The market peaked in 2007, at a total auction sales volume of $6.8 million. Without the sales of Mutu, that figure falls to a peak of $1.7 million, achieved in 2012.

Despite Nairobi's rich cultural scene, the Kenyan art market has some catching up to do. Photo: Wikimedia Commons.

Despite Nairobi’s rich cultural scene, the Kenyan art market has some catching up to do. Photo: Wikimedia Commons.

Since 2012, when auction sales for Kenyan artists totaled $4.3 million, the market has steadily contracted, achieving $1.7 million in 2013, $3.2 million in 2014, and $1.7 million in 2015. Halfway through 2016, the market for Kenyan artists had totaled only $465,000.

Additionally, the number of Kenyan artists trading at auction is also very small, pointing towards a serious lack of diversity in the market. In 2007, when the market peaked at $6.8 million, those numbers were achieved by the cumulative sales of only four artists: Mutu ($5.4 million), Magdalene Odundo ($1 million), Simon Combes ($259,200), and Robert Glen ($92,802). Nine years later, two of the three artists with auction sales in 2016 are the same, Mutu and Odundo—Paul Onditi is the third.

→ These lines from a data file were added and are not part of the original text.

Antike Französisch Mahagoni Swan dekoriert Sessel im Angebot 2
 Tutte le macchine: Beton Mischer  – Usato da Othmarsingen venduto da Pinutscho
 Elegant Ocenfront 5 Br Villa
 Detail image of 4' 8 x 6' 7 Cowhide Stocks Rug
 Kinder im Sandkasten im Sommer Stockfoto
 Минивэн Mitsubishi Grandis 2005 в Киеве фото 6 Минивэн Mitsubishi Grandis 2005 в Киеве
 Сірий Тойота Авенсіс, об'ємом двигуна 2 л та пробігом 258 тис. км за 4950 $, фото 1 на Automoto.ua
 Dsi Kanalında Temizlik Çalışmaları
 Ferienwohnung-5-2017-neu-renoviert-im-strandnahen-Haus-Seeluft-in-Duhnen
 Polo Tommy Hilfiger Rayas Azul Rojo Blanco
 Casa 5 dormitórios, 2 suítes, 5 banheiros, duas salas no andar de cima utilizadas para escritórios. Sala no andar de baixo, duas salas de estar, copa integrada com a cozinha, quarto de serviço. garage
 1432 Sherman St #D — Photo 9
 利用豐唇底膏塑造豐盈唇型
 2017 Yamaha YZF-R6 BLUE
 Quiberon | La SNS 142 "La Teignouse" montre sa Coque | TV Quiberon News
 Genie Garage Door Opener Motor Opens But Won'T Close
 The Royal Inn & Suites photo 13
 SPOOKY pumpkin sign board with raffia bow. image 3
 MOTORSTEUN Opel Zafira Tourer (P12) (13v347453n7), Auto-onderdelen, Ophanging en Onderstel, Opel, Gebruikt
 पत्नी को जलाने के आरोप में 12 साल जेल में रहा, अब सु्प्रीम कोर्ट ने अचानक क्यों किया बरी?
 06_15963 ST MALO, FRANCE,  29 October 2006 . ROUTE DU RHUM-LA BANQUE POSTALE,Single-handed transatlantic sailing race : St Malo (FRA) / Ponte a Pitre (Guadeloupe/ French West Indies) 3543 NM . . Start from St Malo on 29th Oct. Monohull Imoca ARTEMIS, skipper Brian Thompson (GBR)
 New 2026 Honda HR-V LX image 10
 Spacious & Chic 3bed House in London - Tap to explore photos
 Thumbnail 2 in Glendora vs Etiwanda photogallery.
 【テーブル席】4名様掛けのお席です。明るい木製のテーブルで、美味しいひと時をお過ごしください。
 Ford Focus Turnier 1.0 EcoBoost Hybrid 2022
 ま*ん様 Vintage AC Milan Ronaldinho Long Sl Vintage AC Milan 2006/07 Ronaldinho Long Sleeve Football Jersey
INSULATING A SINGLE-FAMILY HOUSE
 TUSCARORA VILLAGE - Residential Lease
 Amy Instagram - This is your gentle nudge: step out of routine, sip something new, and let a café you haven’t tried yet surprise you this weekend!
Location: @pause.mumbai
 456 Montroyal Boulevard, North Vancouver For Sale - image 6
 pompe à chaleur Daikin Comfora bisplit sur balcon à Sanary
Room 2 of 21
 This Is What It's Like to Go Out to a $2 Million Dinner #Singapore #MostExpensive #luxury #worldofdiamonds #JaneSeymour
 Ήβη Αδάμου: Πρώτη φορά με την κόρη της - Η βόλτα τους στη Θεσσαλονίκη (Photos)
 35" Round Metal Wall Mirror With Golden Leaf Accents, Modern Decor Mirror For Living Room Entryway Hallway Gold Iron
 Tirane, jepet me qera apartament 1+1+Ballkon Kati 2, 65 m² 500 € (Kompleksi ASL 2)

However, as Giles Peppiatt, an African art expert at Bonham’s, pointed out to the FT, “Just because they are not fetching £100,000 a picture does not mean they are lesser. The trouble is, everyone expects everything to follow the trajectory of Chinese contemporary art. The market has cooled distinctly since those days.”

That is certainly true, but in terms of the market, Kenya still has a lot of catching up to do if it is to become a player in the African continent.